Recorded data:

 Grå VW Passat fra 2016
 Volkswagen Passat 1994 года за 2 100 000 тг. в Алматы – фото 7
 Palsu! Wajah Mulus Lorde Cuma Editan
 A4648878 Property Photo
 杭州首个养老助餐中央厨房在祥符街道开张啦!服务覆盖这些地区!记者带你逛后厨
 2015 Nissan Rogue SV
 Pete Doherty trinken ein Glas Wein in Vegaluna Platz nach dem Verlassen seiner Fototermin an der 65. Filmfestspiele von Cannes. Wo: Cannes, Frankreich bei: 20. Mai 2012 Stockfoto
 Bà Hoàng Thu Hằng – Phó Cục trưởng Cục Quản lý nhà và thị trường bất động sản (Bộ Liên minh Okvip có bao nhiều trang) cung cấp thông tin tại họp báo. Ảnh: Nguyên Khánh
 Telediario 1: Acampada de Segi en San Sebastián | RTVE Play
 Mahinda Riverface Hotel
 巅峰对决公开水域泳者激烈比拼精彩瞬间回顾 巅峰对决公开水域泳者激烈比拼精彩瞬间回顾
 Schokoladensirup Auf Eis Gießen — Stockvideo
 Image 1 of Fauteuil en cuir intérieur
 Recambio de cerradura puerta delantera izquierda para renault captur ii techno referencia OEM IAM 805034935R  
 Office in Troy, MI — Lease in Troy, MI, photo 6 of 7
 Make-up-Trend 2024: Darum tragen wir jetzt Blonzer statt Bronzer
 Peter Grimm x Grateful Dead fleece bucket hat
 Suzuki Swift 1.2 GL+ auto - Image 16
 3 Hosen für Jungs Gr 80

• **Task details**:
Run a filter over the data above and keep each line that contains the word "Passat".

• **Exercise answer**:
 Grå VW Passat fra 2016
 Volkswagen Passat 1994 года за 2 100 000 тг. в Алматы – фото 7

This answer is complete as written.